WHAT IS BEING ASKED. Copy each of the records exactly.

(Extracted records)
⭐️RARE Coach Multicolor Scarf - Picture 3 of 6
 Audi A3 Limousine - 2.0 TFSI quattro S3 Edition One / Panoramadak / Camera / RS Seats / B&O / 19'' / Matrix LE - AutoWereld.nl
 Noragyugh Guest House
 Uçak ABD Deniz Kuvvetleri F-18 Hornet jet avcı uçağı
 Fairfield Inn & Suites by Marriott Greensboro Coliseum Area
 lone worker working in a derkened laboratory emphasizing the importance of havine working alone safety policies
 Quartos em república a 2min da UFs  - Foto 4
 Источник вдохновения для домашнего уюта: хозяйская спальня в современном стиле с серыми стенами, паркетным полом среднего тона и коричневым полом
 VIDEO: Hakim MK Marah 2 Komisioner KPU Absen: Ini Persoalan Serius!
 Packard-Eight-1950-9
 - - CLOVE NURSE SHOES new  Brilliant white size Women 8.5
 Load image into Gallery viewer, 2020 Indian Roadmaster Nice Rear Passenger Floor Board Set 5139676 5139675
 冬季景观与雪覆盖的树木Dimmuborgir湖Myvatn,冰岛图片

TASK ANSWER.
⭐️RARE Coach Multicolor Scarf - Picture 3 of 6
 Audi A3 Limousine - 2.0 TFSI quattro S3 Edition One / Panoramadak / Camera / RS Seats / B&O / 19'' / Matrix LE - AutoWereld.nl
 Noragyugh Guest House
 Uçak ABD Deniz Kuvvetleri F-18 Hornet jet avcı uçağı
 Fairfield Inn & Suites by Marriott Greensboro Coliseum Area
 lone worker working in a derkened laboratory emphasizing the importance of havine working alone safety policies
 Quartos em república a 2min da UFs  - Foto 4
 Источник вдохновения для домашнего уюта: хозяйская спальня в современном стиле с серыми стенами, паркетным полом среднего тона и коричневым полом
 VIDEO: Hakim MK Marah 2 Komisioner KPU Absen: Ini Persoalan Serius!
 Packard-Eight-1950-9
 - - CLOVE NURSE SHOES new  Brilliant white size Women 8.5
 Load image into Gallery viewer, 2020 Indian Roadmaster Nice Rear Passenger Floor Board Set 5139676 5139675
 冬季景观与雪覆盖的树木Dimmuborgir湖Myvatn,冰岛图片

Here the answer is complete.